Bu sözleri söylerken yüzü soğuk ve solgundu, ama aynı zamanda oldukça acınası ama sevimli görünmesini sağlayan çok nazik bir gülümseme vardı.
 
Sonuçta, Yu Shengyan henüz Yan Wushi değildi. Kalbi hafifçe yumuşadı, fakat bu onun için hala nadir bir şeydi.
 
“Eğer hasta hissedersen, sadece söyle bana. Yine de Efendi’nin verdiği görevi bitirdiğimizden emin olmamız gerekse de, insafsız bir insan değilim. Efendi’nin yapmamızı istediği şeye gelince, zaten onun hakkında soruşturdum. Yan Zhiwen Ahenk Sekti’nin bir öğrencisi olmasına rağmen, karısı ve çocukları savaş sanatlarından hiçbir şey bilmiyorlar. Kendisi sadece sektte ikinci sınıf bir uzman olarak kabul edilebilir. Üstelik, Yan ailesi korumasız, bu yüzden kolayca tek başıma bitirebilirim. Lakin, Efendi tüm ailesinin ortadan kaldırılmasını istediğinden, zaman geldiğinde seni yanımda götüreceğim. Ben Yan Zhiwen'i öldürdükten sonra, bitirmen için sana bir kadın ya da çocuk gidip getireceğim.”
 
Bu, Shen Qiao'ya Yan Wushi'nin verdiği asıl görev hakkında ilk kez söylendiği zamandı. Şaşırmış göründü. “Kıdemli savaş kardeşe, Ahenk Sekti’nin geçmişini sorabilir miyim? Ve Yan Zhiwen'e karşı garezimiz tam olarak nedir?”
 
Yu Shengyan, Shen Qiao'nun şu anda hala hiçbir şey bilmediğini anımsadı bu yüzden ona açıkladı, “Arındırıcı Ay Sektimiz, Ahenk Sekti ve Ayna Sanatları Sekti’nin hepsi Pheonix-Qilin Adasındaki Güneş Ay Sekti’nden çıktı. Daha sonra, Güneş Ay Sekti anlaşmazlık ve ayrılma ile parçalandı, bu üç mezhebe bölündü. Normalde, hepimiz kökenden olduğumuz için diğer kuvvetlere karşı birleşmeliyiz. Kendi bayraklarımız altında hepimiz en hırslı Ahenk Sekti ile birlikte Kutsal Sekti [2] tekrar birleştirmek istedik. Liderlerinin adı Yuan Xiuxiu ve öğrencileri de onun gibidir: hedeflerini başarmak için gerekirse güzelliklerini kullanmaktan mutluluk duyarlar. Aynı zamanda, dövüş becerileri iyidir, bu yüzden gelecekte bunlarla karşılaşırsan, uzak durman daha iyi olur.”

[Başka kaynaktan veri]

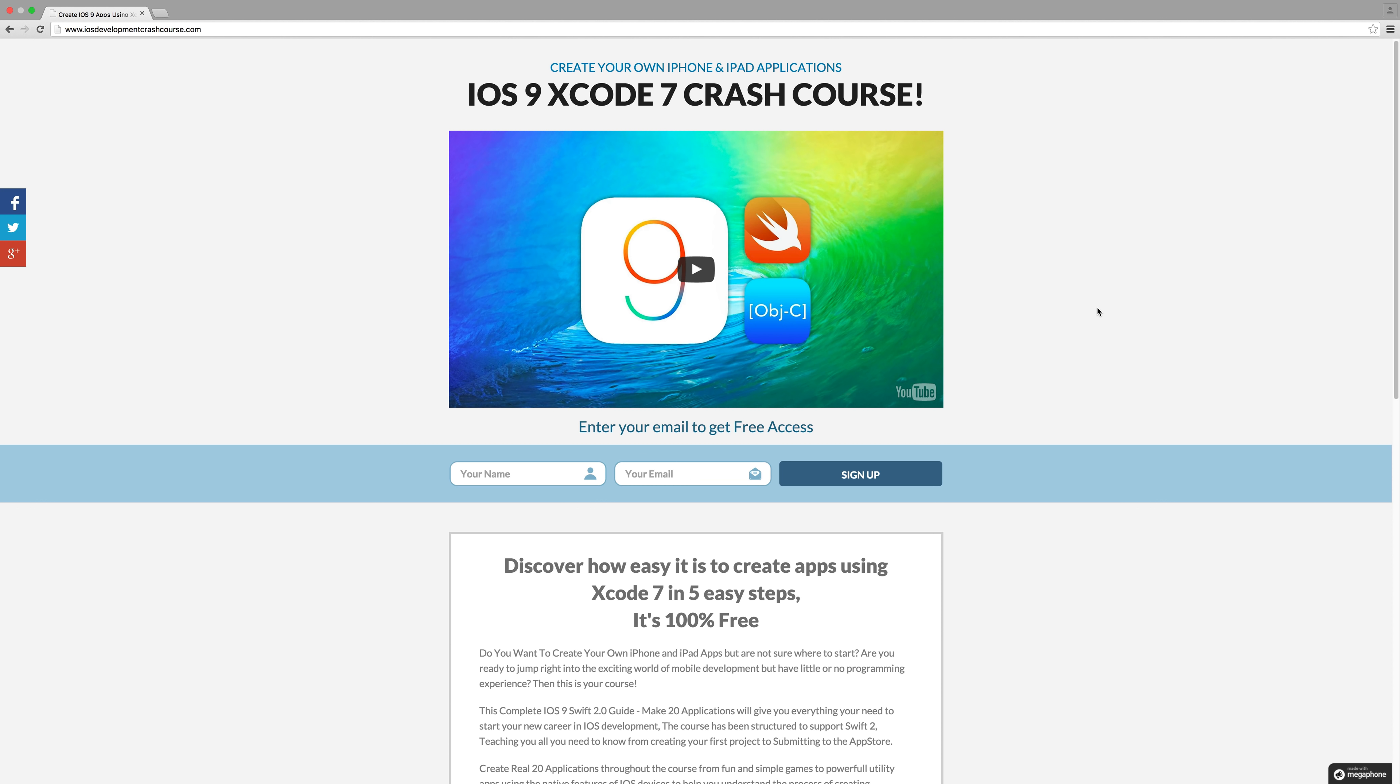And to get access to this course all you need to do is head over to iosdevelopercrashcourse.com. Links below will be in the description of this video.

 (ÇN: Ahenk sekt lideri Yuan Xiuxiu bir kadın bu arada.)
 
“Yuan Xiuxiu'nun ayrıca Sang Jingxing adında bir zamanlar Cui Youwang'ın öğrencisi olan bir zina eşi var. Bu utanmaz fahişe ve pisliği, gün boyu orada burada entrika çeviren suç ortakları. Bu son on yıl boyunca, Efendi’nin Meditasyonda oluşu fırsatından yararlanarak birkaç defa Arındırıcı Ay Sektimizi ele geçirme girişimde bile bulundular.”
 
Shen Qiao başını salladı: “Ama Yan Zhiwen Ahenk Sekti’nde sadece ikinci sınıf bir efendi olduğundan ve aynı zamanda Qi'nin bir görevlisi olarak hizmet ettiğinden, sanırım Arındırıcı Ay Sekti’ne hiçbir zaman sorun çıkarmadı. Efendi neden yine de onu öldürmeye karar verdi?”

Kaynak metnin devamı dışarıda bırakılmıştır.